Explain a project where you had to make it more reliable/scalable/maintainable. How did you do it, and what were some of the roadblocks in achieving the systems goals?

  • at my current job I had to address some scalability concerns to a given calculation we have at work. Due to an NDA i will not get into the specifics of the problem but will provide some generalizations that will help you get some context. We have this compute intensive calculation where we calculate distance measures in different ways over an adj matrix. The issue came where we are building this graph based on historic time-series data. We want to be able to speed up this distance measure calculation. The problem arose that we were recomputing some of those timeranges and it was really slowing down our system. We ran into a large client with a massive dataset that our previous system could not handle. but the Team and I, (my team mainly I was involved but this was as I joined.) Found that storing incremental states for each date and using a dynamic programming stategy allowed us to incrmentally calculate this data and scale it to use a fraction of the memory, as well as a fraction of the time.
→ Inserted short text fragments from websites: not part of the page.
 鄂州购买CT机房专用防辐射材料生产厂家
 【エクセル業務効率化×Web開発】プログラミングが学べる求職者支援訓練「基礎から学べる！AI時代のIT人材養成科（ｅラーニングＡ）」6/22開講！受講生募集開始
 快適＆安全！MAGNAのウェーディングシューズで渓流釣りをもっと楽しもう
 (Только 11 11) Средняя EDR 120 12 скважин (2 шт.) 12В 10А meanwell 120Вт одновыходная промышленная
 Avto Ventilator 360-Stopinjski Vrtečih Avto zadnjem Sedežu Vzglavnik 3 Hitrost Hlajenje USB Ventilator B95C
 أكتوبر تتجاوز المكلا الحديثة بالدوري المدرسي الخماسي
Now instead of calculating the entire Graph from 1970-2021 we can incrmentally calculate those graphs and cache the graph state for future computations, so we can incrmentally approach the problem. I think a key takeaway I learned here is that breaking down a problem into smaller problems allows for greater parelellization and will allow you to compute heavy calculations much quicker. The downside is the system is much more complex and breaks the rule of simplicity. But here it was required.

Read three of the post-mortems in this repo. What are some of the ways in which outages are caused? What could the teams have done to mitigate the blast radius or lowered the chance of such an outage happening? Explain the outage in your own words and give an explanation for what you learned from each summary.
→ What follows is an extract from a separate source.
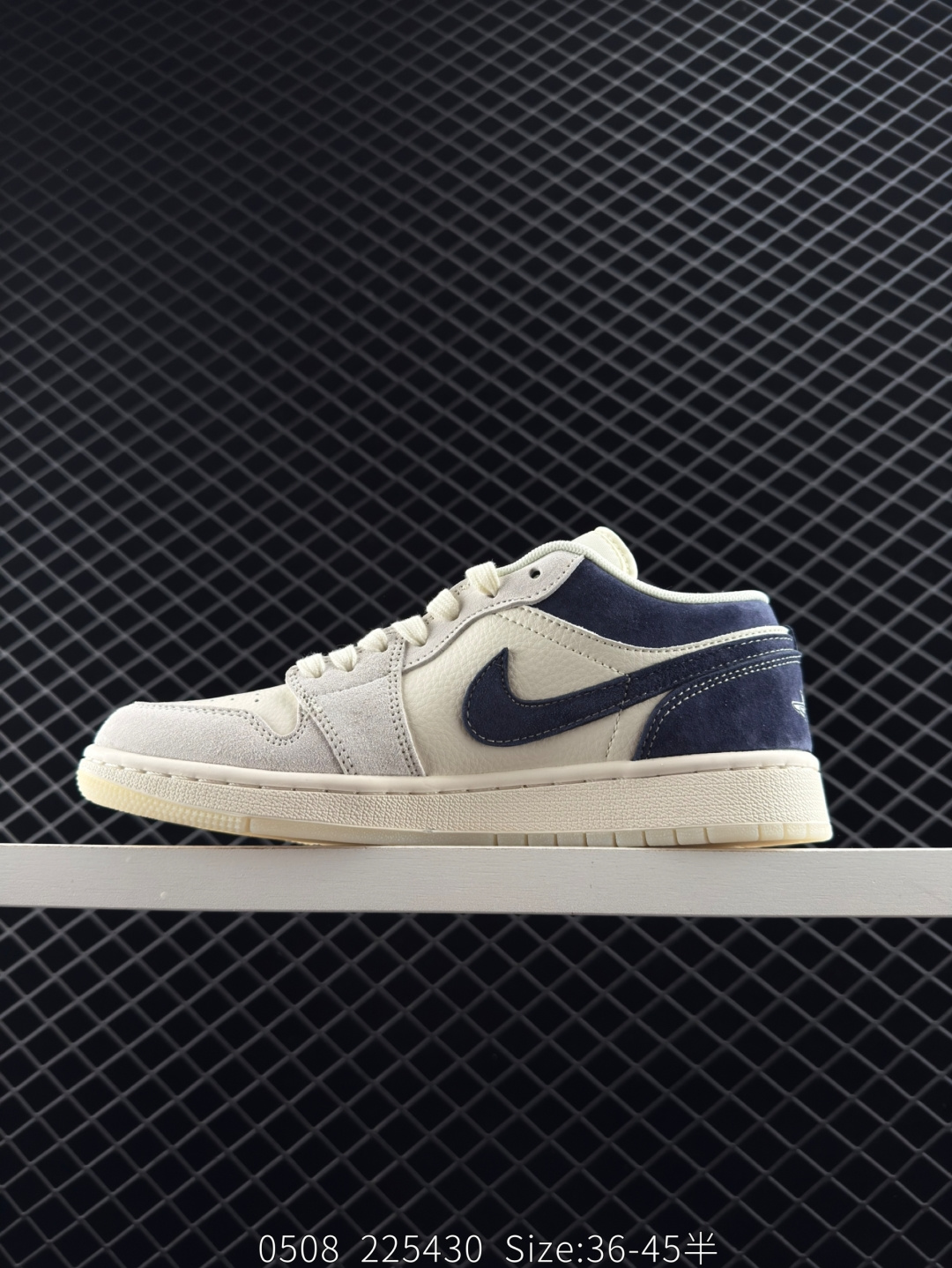 Nike Jordan Air Jordan 1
Conflict google cloud issue

Summary

  • Due to a slow update process and reliance on a single layer of the same slowly updated load balancer, These load balancers were rarely updated, so when a mass amount of updates were made to the load balancer. Since it was updated sparing the application of updating the balancer exposed an inefficent code path, which resulted in the canary to timeout. This caused the order of things to be tested to get out of queue and to be halted on the testing phase. Its important to not be too reliant on a single thing and to frequently push updates.Testing Should have been batched for a system of that scale. That was where the problem began.

Analysis Github DDOS Report issue

Summary

  • Github was unavailable due to a ddos service attack. This was due to its dependency on Cloudflare as a service. Hackers broke down cloudflare by overexerting the caching system of cloudflare. The problem here is they only had one layer of ddos protection. When it fell so did their entire system. Each layer of protection should have a backup if it is such an essential security layer as ddos protection layer.
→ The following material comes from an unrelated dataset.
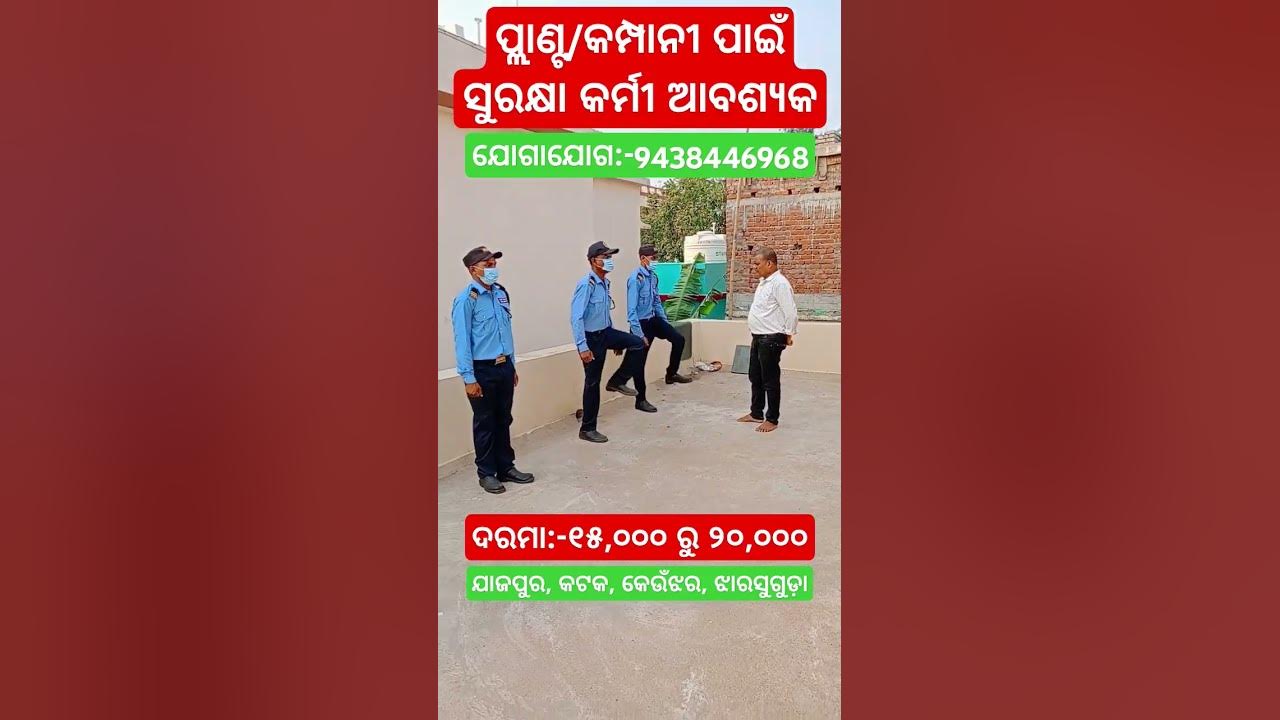 high-salary-security-guard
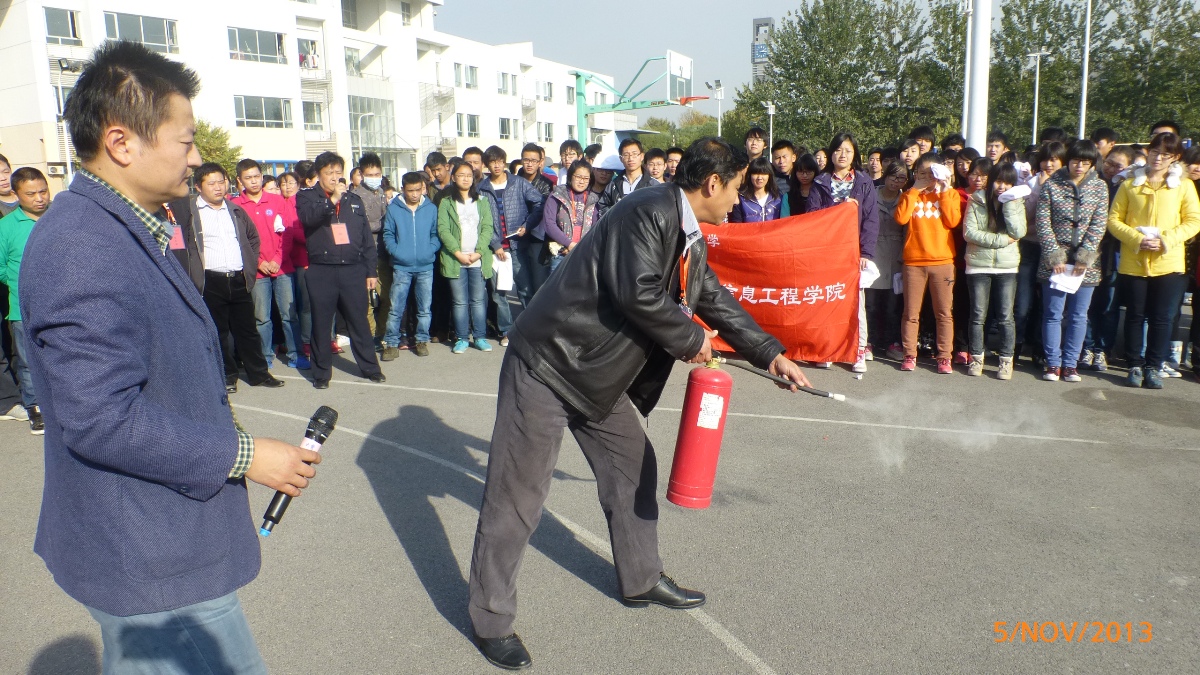 28圈(中国游)官方网站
Reflect on your personal experience. What are some of the ways that your team keeps services healthy and responsive? How do you test services? How do you react quickly to an unhealthy service?

  • There are a variety of ways to test an application/service. We use tools like sentry to report bugs, Pytest for unit-testing, do our own QA testing at the end of each epic, as well as a diverse custom exception library to make our errors very specific. That can be one problem that arises. Many people will log exceptions in sentry but aren't writing specific enough exceptions, resulting in a painful debugging process. We also have a CI/CD pipeline that tests each docker-build. With all of these tools when we get a critial error or warning the engineers will be warned via email so that we can address the bug. We also track known issues and their progress in jira. I think the most important thing when dealing with bugs is that they are addressed quickly, and tracked. Each bug is a chance to improve your design skills. Is your system overloaded with information? You get a chance to learn about scaliblity. Log response times and set up notifications if a bottleneck is detected. If a machines resources are getting used too quickly we need to address what is causing the strain. Is this the best implementation of our system? IDK MAN.